Your tests are passing. Your scans are green. Your coverage is 94%. But can anyone on your team explain why the authentication middleware works the way it does — and what breaks if you change it?

Executive Summary Cognitive debt is the gap between what code does and what the team understands about why it does it. AI coding assistants have turned this from a slow-burning maintenance problem into an acute security risk. When 72% of developers report reduced comprehension of AI-generated code (Storey et al., 2026) and AI agents complete tasks 19% slower than expected because they accumulate hidden complexity (METR, 2025), the implication for security teams is clear: you are defending systems that nobody fully understands. No scanner detects this. No SIEM alerts on it. This article defines the problem, maps it to real-world security failures, and proposes a practitioner framework for measuring and reducing cognitive debt before it becomes an incident.

What Is Cognitive Debt?

Simon Willison coined the term in February 2026 to describe code that works correctly but that the developer cannot fully explain. It is distinct from technical debt, which is a known shortcut with a known cost. Cognitive debt is invisible — the developer does not know what they do not understand, because the AI-generated code passed every check they had.

Peter Naur anticipated this in 1985. His paper "Programming as Theory Building" argued that software development is fundamentally about building a mental model — a theory — of the problem domain and its solution. The code is an artifact of that theory, not a substitute for it. When the theory dies — when the people who understood the reasoning leave, or when the reasoning was never built in the first place — the code becomes unmaintainable regardless of its test coverage.

AI coding assistants have industrialized the production of code without theory. The model generates syntactically correct, functionally passing implementations that reflect statistical patterns in training data, not reasoned decisions about your specific architecture. As Addy Osmani observed in his 2026 analysis of comprehension debt, the result is code that "works for reasons nobody on the team can articulate" (Osmani, 2026).

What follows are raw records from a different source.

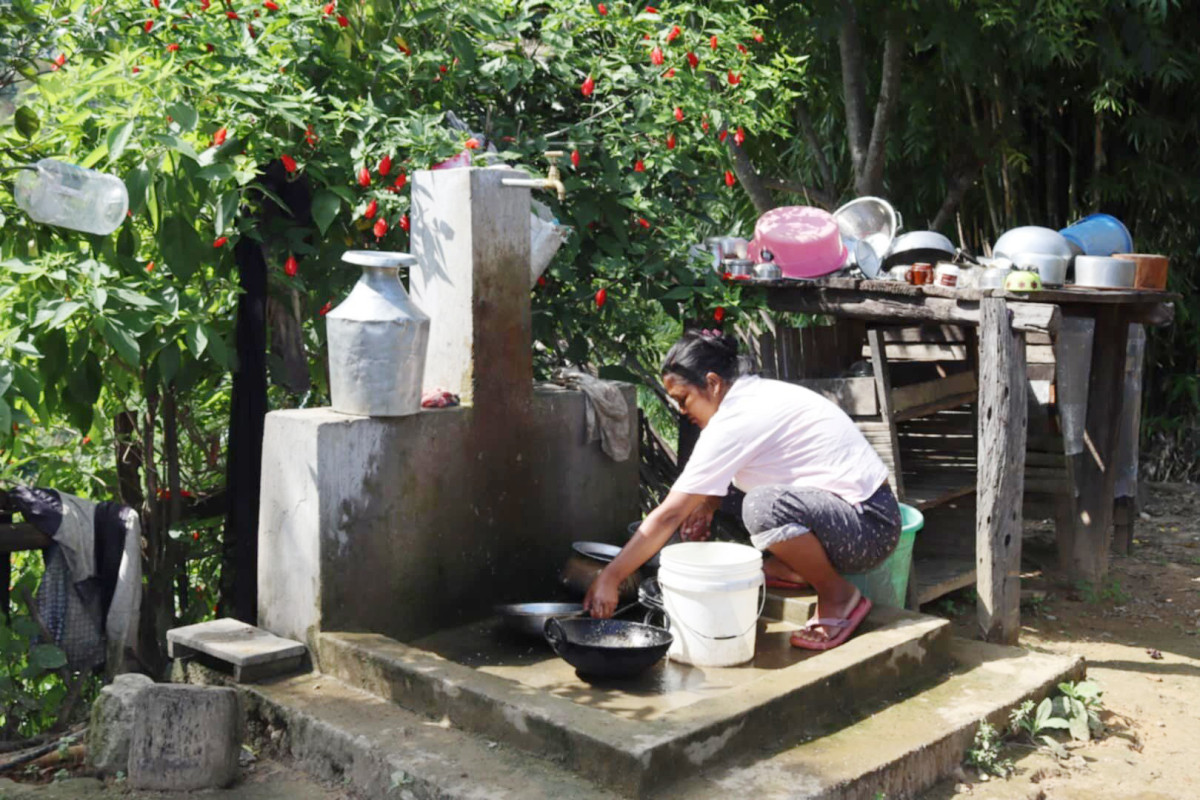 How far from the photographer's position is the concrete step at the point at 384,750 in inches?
138

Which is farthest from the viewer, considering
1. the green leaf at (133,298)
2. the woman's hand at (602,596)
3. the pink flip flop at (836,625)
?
the pink flip flop at (836,625)

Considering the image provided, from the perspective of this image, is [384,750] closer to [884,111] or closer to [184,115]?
[184,115]

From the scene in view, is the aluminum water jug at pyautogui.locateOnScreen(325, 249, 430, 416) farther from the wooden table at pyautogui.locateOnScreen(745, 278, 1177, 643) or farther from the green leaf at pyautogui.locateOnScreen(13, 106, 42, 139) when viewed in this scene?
the wooden table at pyautogui.locateOnScreen(745, 278, 1177, 643)

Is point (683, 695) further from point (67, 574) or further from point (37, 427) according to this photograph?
point (37, 427)

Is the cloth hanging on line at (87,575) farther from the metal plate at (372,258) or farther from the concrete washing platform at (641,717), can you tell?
the metal plate at (372,258)

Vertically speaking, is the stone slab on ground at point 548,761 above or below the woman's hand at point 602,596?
below

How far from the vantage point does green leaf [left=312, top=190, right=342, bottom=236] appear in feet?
15.5

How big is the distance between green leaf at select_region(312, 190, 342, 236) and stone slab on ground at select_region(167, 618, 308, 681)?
153 centimetres

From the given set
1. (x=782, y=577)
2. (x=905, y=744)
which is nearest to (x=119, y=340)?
(x=782, y=577)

Kent Beck, in his 2025 conversation on the Pragmatic Engineer podcast, framed the tension directly: AI assistants excel at making changes, but the value of software engineering is knowing which change to make and why. When the "why" is absent, every future modification becomes a gamble.

Why This Is a Security Problem

Cognitive debt creates three specific security risks that traditional scanning cannot detect.

Risk 1: Unauditable Security Logic. When an AI assistant generates an OAuth implementation, CORS configuration, or input validation pipeline, the code may pass every automated check while embedding assumptions that are invisible to the team. I have seen this pattern repeatedly in MCP (Model Context Protocol) implementations through my work on the MCP Sentinel Scanner — the tool permission boundaries look correct in the code, but the developer cannot explain why a specific permission was granted or what attack surface it creates. The permission works. The tests pass. The reasoning is absent.

Risk 2: Regression Without Signal. Code you understand can be safely modified. Code you do not understand cannot. When a developer modifies AI-generated security logic without understanding its invariants, they may break a security property that no test was designed to verify. The regression is silent because the original intent was never documented — it was never understood. This is the scenario that static analysis tools fundamentally cannot address: the code is not wrong, the team's model of the code is wrong.

Risk 3: Incident Response Failure. When a breach occurs in code the team does not understand, the mean time to containment increases dramatically. You cannot triage what you cannot read. You cannot scope an incident in a system whose boundaries you do not know. Cognitive debt turns every AI-generated component into a black box during the exact moment when you need transparency most.

These risks compound. As I documented in Enhancing GitHub Security Scanning, 45% of AI-generated code introduces security vulnerabilities — but the deeper problem is not that the code is wrong. The deeper problem is that when it is wrong, nobody knows where to look.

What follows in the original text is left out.